*Problem requirements*:
Repeat only the lines below from the one that contains "Hyundai Creta I" through the final line, exactly. Omit pictures.

(Data records begins)

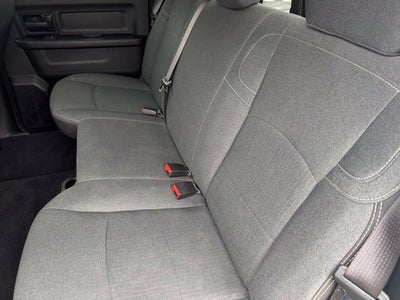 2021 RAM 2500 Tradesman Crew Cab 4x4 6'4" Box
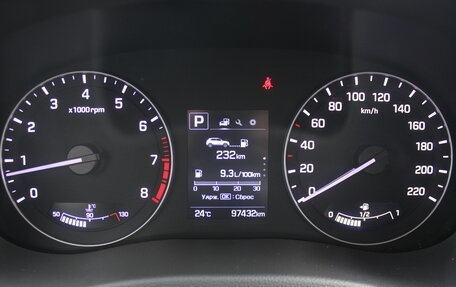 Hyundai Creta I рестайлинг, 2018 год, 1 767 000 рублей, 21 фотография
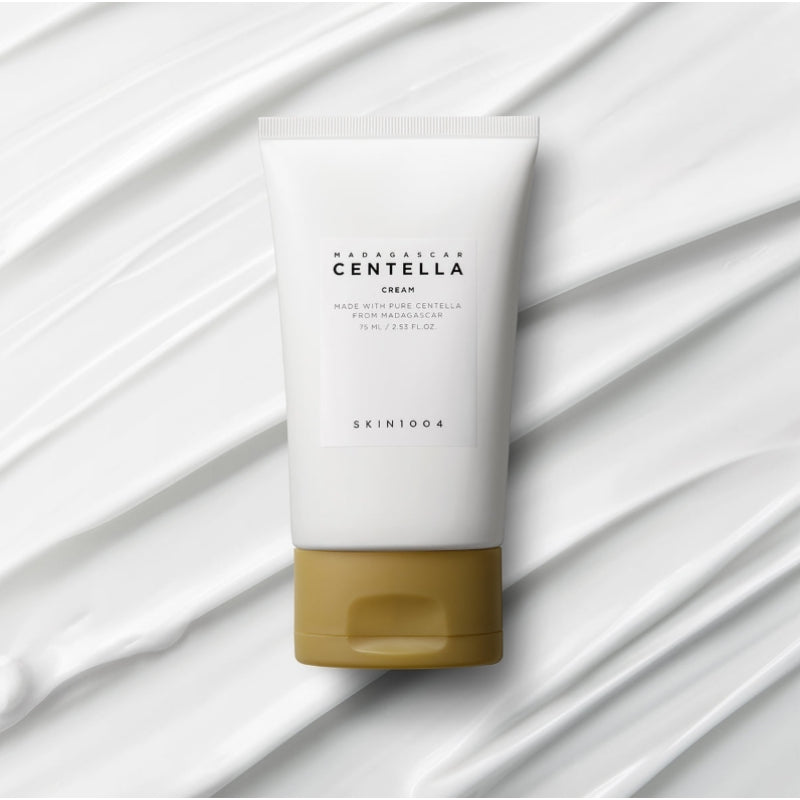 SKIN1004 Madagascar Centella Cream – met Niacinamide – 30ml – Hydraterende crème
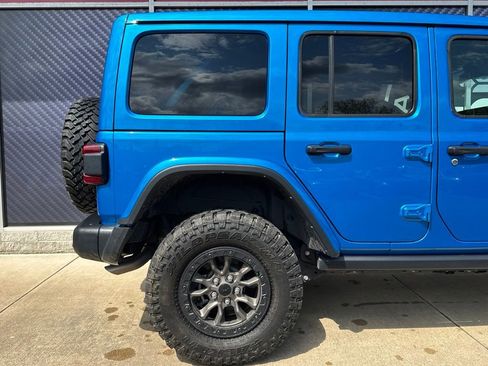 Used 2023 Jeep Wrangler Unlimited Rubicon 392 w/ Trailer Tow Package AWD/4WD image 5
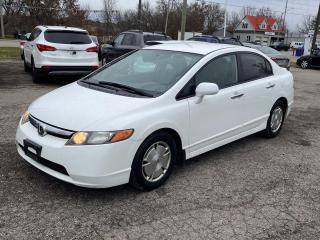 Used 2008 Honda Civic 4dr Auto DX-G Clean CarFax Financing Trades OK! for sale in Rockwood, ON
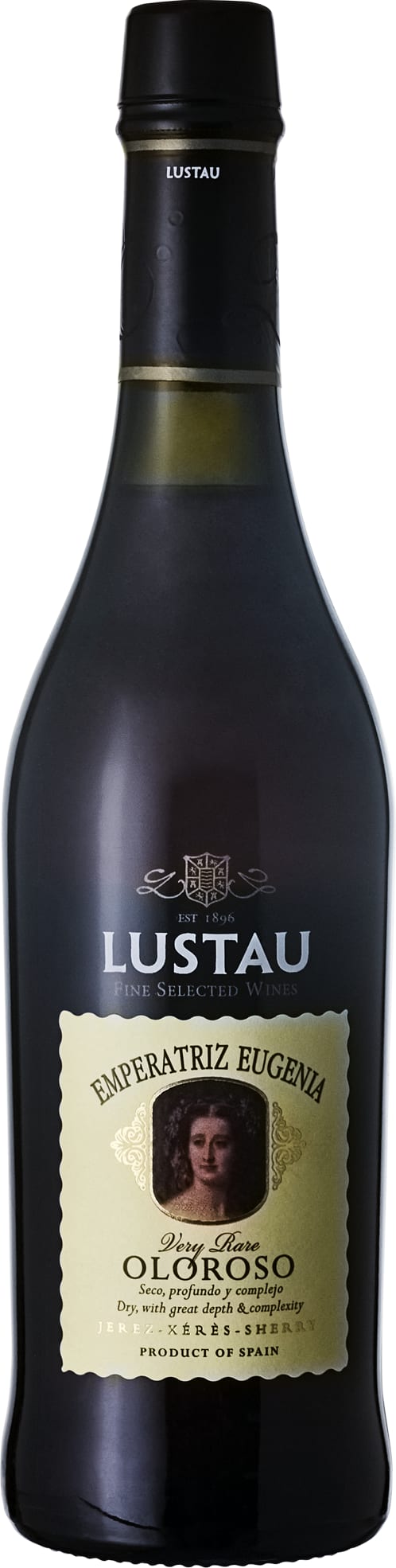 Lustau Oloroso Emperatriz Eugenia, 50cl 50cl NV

(Data records ends)

*Response*:
 Hyundai Creta I рестайлинг, 2018 год, 1 767 000 рублей, 21 фотография
 SKIN1004 Madagascar Centella Cream – met Niacinamide – 30ml – Hydraterende crème
 Used 2023 Jeep Wrangler Unlimited Rubicon 392 w/ Trailer Tow Package AWD/4WD image 5
 Used 2008 Honda Civic 4dr Auto DX-G Clean CarFax Financing Trades OK! for sale in Rockwood, ON
 Lustau Oloroso Emperatriz Eugenia, 50cl 50cl NV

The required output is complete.